═══ Data to examine ═══

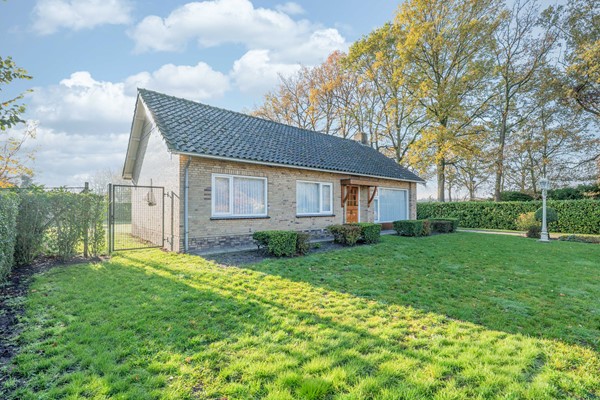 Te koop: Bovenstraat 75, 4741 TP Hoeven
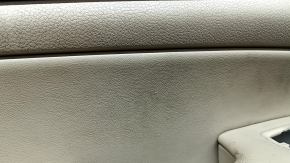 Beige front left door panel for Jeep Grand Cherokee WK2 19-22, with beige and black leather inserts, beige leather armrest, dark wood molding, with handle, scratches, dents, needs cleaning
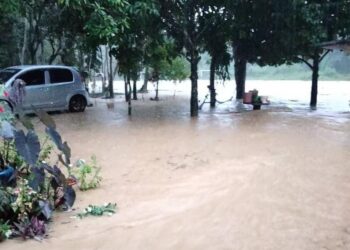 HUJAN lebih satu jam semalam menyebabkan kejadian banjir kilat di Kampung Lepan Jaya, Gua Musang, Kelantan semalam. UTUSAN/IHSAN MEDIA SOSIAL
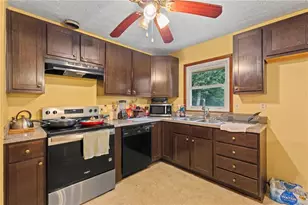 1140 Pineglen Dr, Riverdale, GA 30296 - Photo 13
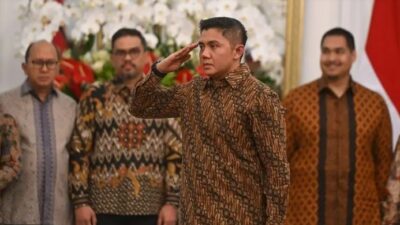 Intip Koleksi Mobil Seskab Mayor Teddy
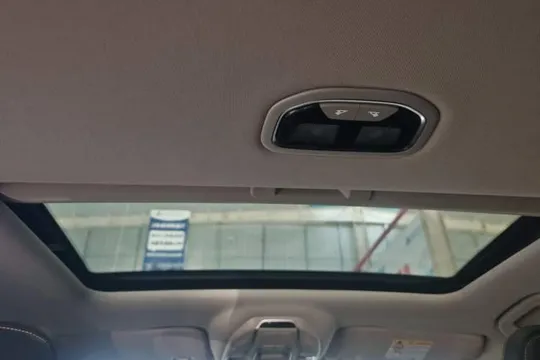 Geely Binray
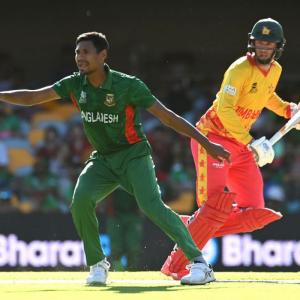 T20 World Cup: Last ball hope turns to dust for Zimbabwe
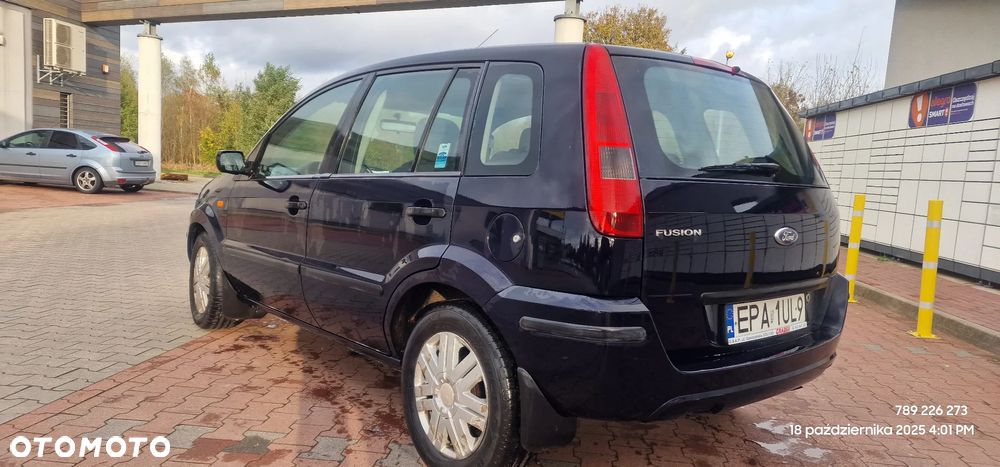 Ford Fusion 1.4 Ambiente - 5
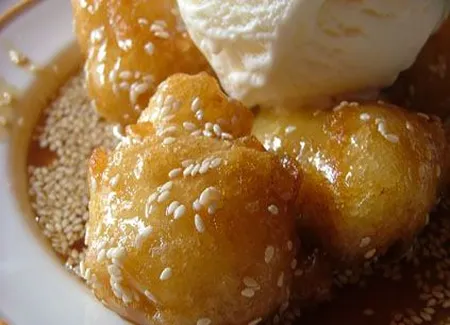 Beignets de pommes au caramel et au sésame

═══
═══ Data to examine ═══

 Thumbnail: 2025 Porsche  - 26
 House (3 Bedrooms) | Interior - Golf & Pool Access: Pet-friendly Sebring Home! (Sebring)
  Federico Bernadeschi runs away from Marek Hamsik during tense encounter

═══

* Work to be completed *
The material above holds pictures; leave them out and set down exactly the lines from the line with "Te koop: Bovenstraat 75, 4741 TP Hoeven" to the line with "Beignets de pommes au caramel et au sésame", both included.

* Solution to the exercise *
 Te koop: Bovenstraat 75, 4741 TP Hoeven
 Beige front left door panel for Jeep Grand Cherokee WK2 19-22, with beige and black leather inserts, beige leather armrest, dark wood molding, with handle, scratches, dents, needs cleaning
 HUJAN lebih satu jam semalam menyebabkan kejadian banjir kilat di Kampung Lepan Jaya, Gua Musang, Kelantan semalam. UTUSAN/IHSAN MEDIA SOSIAL
 1140 Pineglen Dr, Riverdale, GA 30296 - Photo 13
 Intip Koleksi Mobil Seskab Mayor Teddy
 Geely Binray
 T20 World Cup: Last ball hope turns to dust for Zimbabwe
 Ford Fusion 1.4 Ambiente - 5
 Beignets de pommes au caramel et au sésame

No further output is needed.